8. The method of claim 1, wherein the removable storage device is detected via a network.

9. An apparatus comprising:

a processor adapted to support a plurality of secure virtual machine environments;

a detection unit to detect a removable storage device; and

an authentication unit to authenticate the removable storage device as a trusted device, wherein a secure virtual machine environment is created, in response to said detection and authentication, in connection with the removable storage device.

10. The apparatus of claim 9, wherein at least one of the following is to be retrieved from the removable storage device: (i) an operating system, (ii) a user application, or (iii) a user file.

11. The apparatus of claim 9, further comprising:

a virtual machine monitor to instantiate the secure virtual machine environment for the removable storage device.

12. The apparatus of claim 9, wherein the removable storage device is associated with at least one of: (i) a flash drive, (ii) a micro hard-disk drive, (iii) a serial port device, (iv) a parallel port device, (v) a memory card, (vi) an optical disk drive, (vii) a solid state storage device, (viii) a molecular based memory device, (ix) a network device, or (x) a wireless device.

13. A computer-readable storage medium having stored thereon instructions that when executed by a machine result in the following: detection of a removable storage device at a computer platform,

authentication of the removable storage device as a trusted device, and

creation, in response to said detection and authentication, of a secure virtual machine environment within the computer platform in connection with the removable storage device.

14. The medium of claim 13, wherein execution of the instructions further results in:

loading of an operating system into the secure virtual machine environment.

15. The medium of claim 14, wherein execution of the instructions further results in:

launching, via the operating system, of a user application within the secure virtual machine environment.

16. The medium of claim 13, wherein execution of the instructions further results in:

launching, via a basic input/output system associated with the computer platform, a user application within the secure virtual machine environment.

17. The medium of claim 13, wherein execution of the instructions further results in:

accessing a user file from the secure virtual machine environment.

18. The medium of claim 13, wherein the removable storage device is associated with at least one of: (i) a flash drive, (ii) a micro hard-disk drive, (iii) a serial port device, (iv) a parallel port device, (v) a memory card, (vi) an optical disk drive, (vii) a solid state storage device, (viii) a molecular based memory device, (ix) a network device, or (x) a wireless device.

19. A system, comprising:

a processor adapted to support a plurality of secure virtual machine environments;

an internal storage device to be associated with a first secure virtual machine environment;

a detection unit to detect a removable storage device; and

an authentication unit to authenticate the removable storage device as a trusted device, wherein a second secure virtual machine environment is created, in response to said detection and authentication, in connection with the removable storage device.

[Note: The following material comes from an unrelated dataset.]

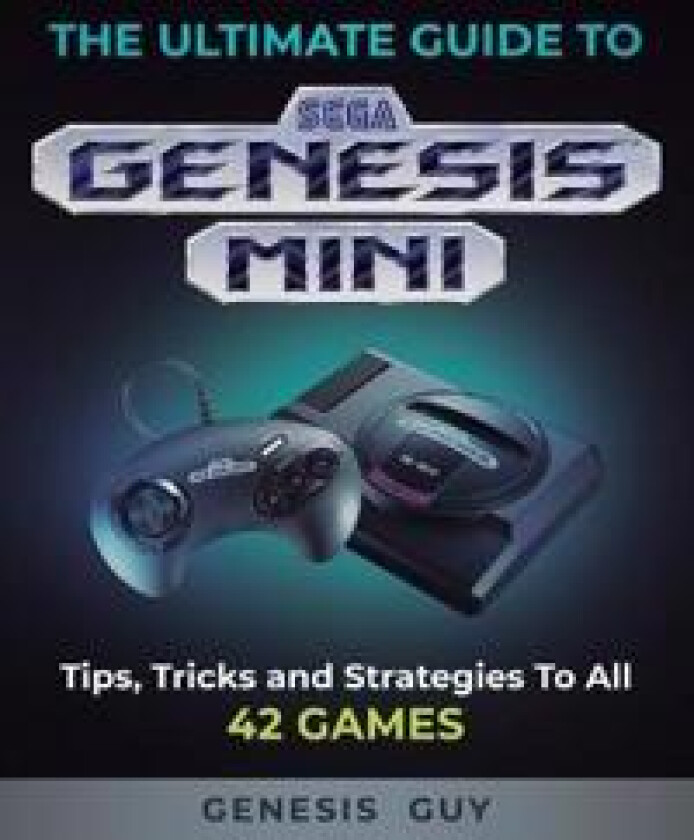The Ultimate Guide to the Sega Genesis Mini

20. The system of claim 19, wherein the removable storage device is associated with at least one of: (i) a flash drive, (ii) a micro hard-disk drive, (iii) a serial port device, (iv) a parallel port device, (v) a memory card, (vi) an optical disk drive, (vii) a solid state storage device, (viii) a molecular based memory device, (ix) a network device, or (x) a wireless device.

21. A method, comprising:

coupling a removable storage device with a computer platform;

authenticating the removable storage device as a trusted device; and

accessing the computer platform via a secure virtual machine environment created in response to said authentication.

22. The method of claim 21, wherein the removable storage device is associated with at least one of: (i) a flash drive, (ii) a micro hard-disk drive, (iii) a serial port device, (iv) a parallel port device, (v) a memory card, (vi) an optical disk drive, (vii) a solid state storage device, (viii) a molecular based memory device, (ix) a network device, or (x) a wireless device.